What the task asks >> Below this line is a set of entries; quote exactly the lines from the line that contains "Um episódio das" to the line that contains "100ml Electric Aroma", both lines included.

Dataset extract >>
=== Begin Enclosure ===

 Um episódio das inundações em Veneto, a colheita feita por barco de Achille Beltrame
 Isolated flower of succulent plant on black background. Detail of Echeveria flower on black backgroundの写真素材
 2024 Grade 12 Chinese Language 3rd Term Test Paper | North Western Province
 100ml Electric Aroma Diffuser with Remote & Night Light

=== End Enclosure ===
=== Begin Enclosure ===

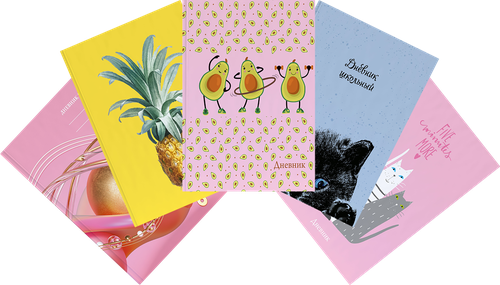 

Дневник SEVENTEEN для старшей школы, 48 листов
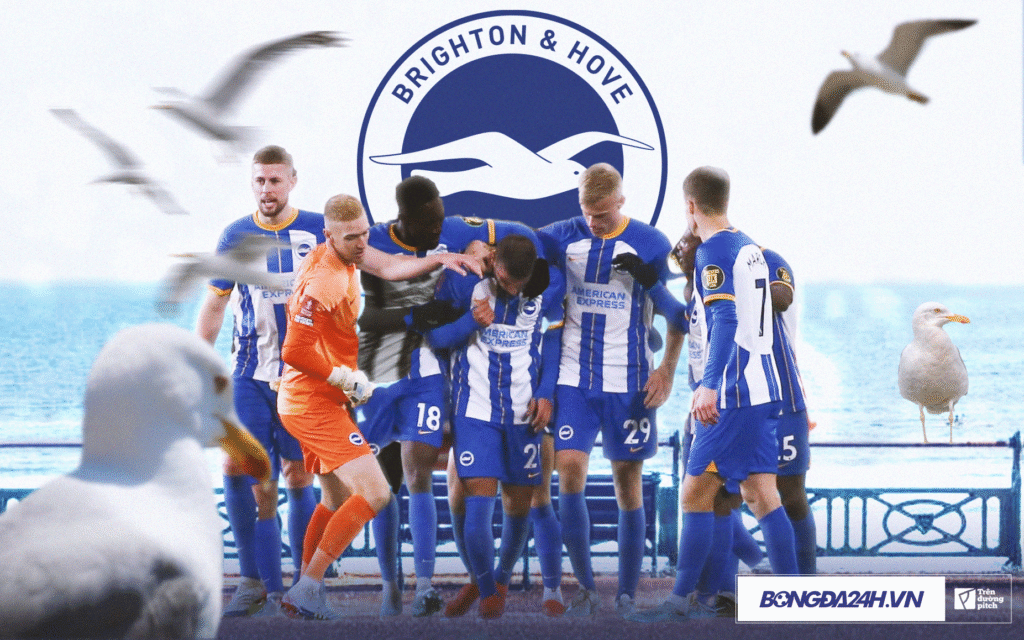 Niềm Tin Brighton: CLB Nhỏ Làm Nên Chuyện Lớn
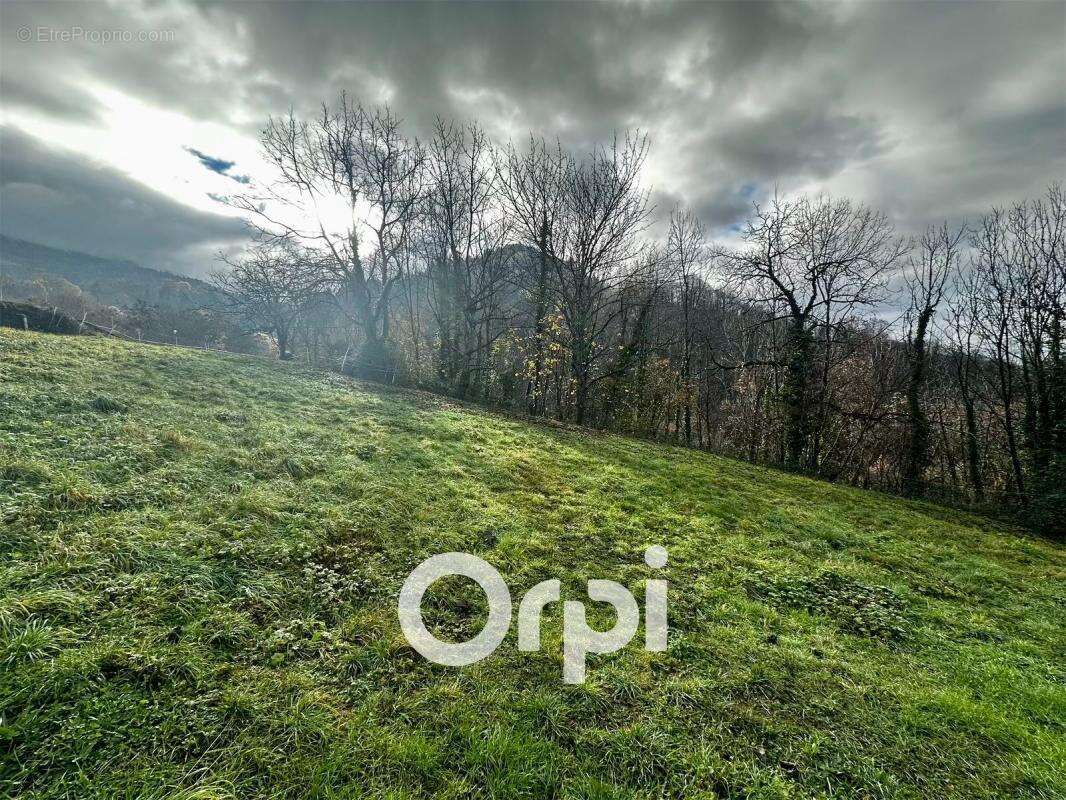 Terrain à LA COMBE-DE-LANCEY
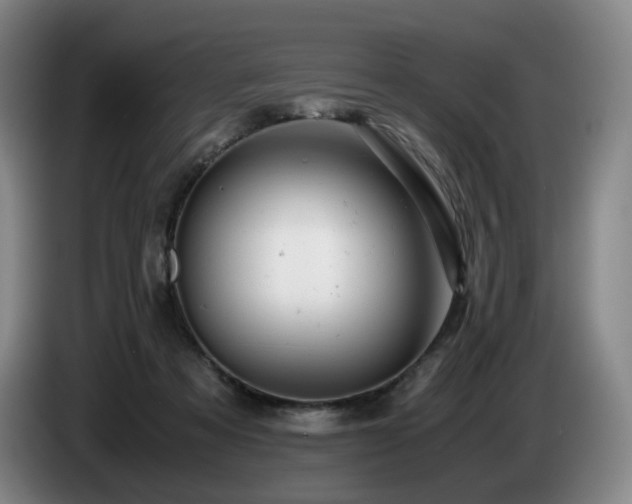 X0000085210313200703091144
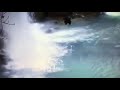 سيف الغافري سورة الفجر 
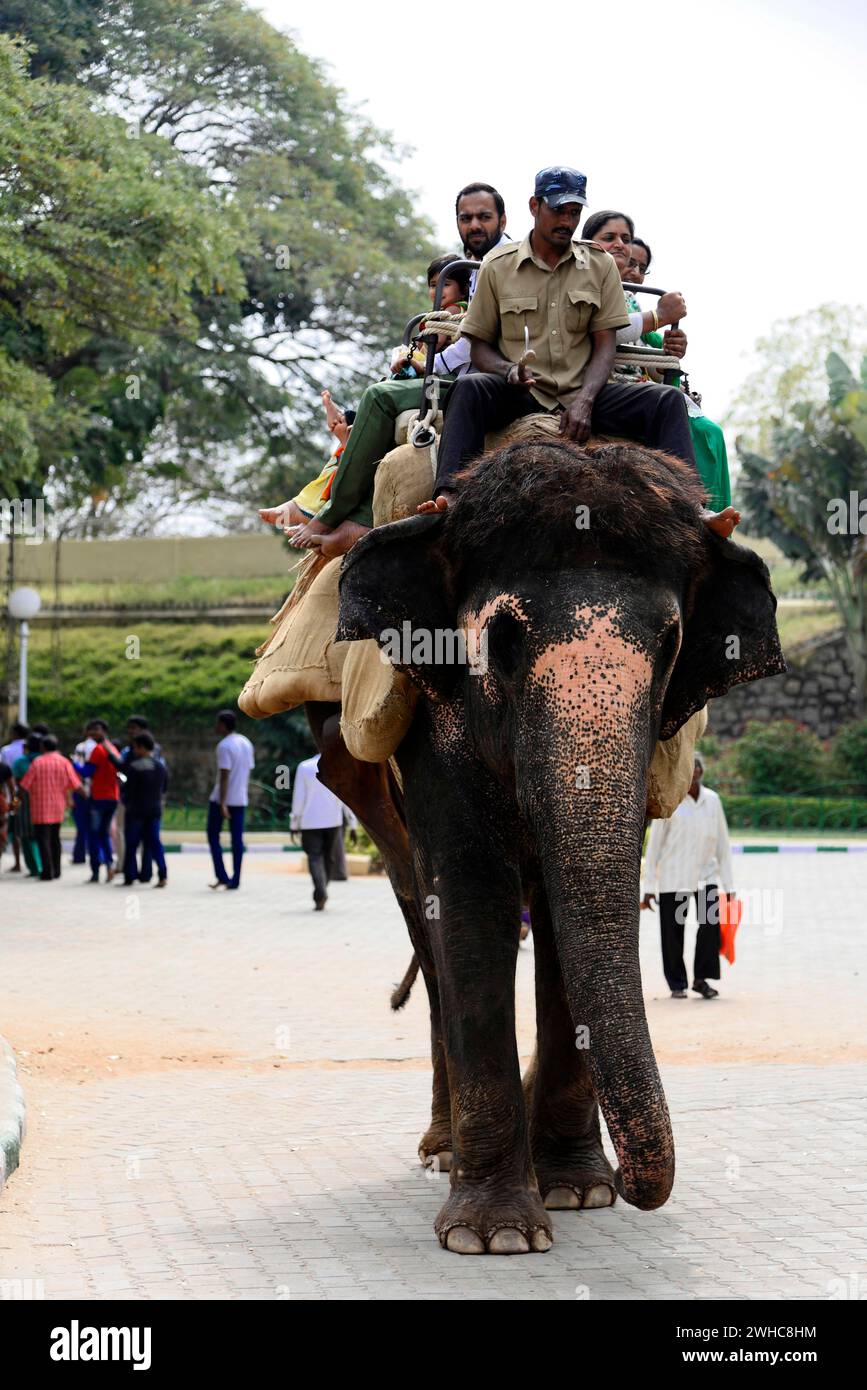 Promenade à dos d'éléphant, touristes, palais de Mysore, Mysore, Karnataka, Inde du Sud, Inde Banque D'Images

=== End Enclosure ===

Expected answer >>
 Um episódio das inundações em Veneto, a colheita feita por barco de Achille Beltrame
 Isolated flower of succulent plant on black background. Detail of Echeveria flower on black backgroundの写真素材
 2024 Grade 12 Chinese Language 3rd Term Test Paper | North Western Province
 100ml Electric Aroma Diffuser with Remote & Night Light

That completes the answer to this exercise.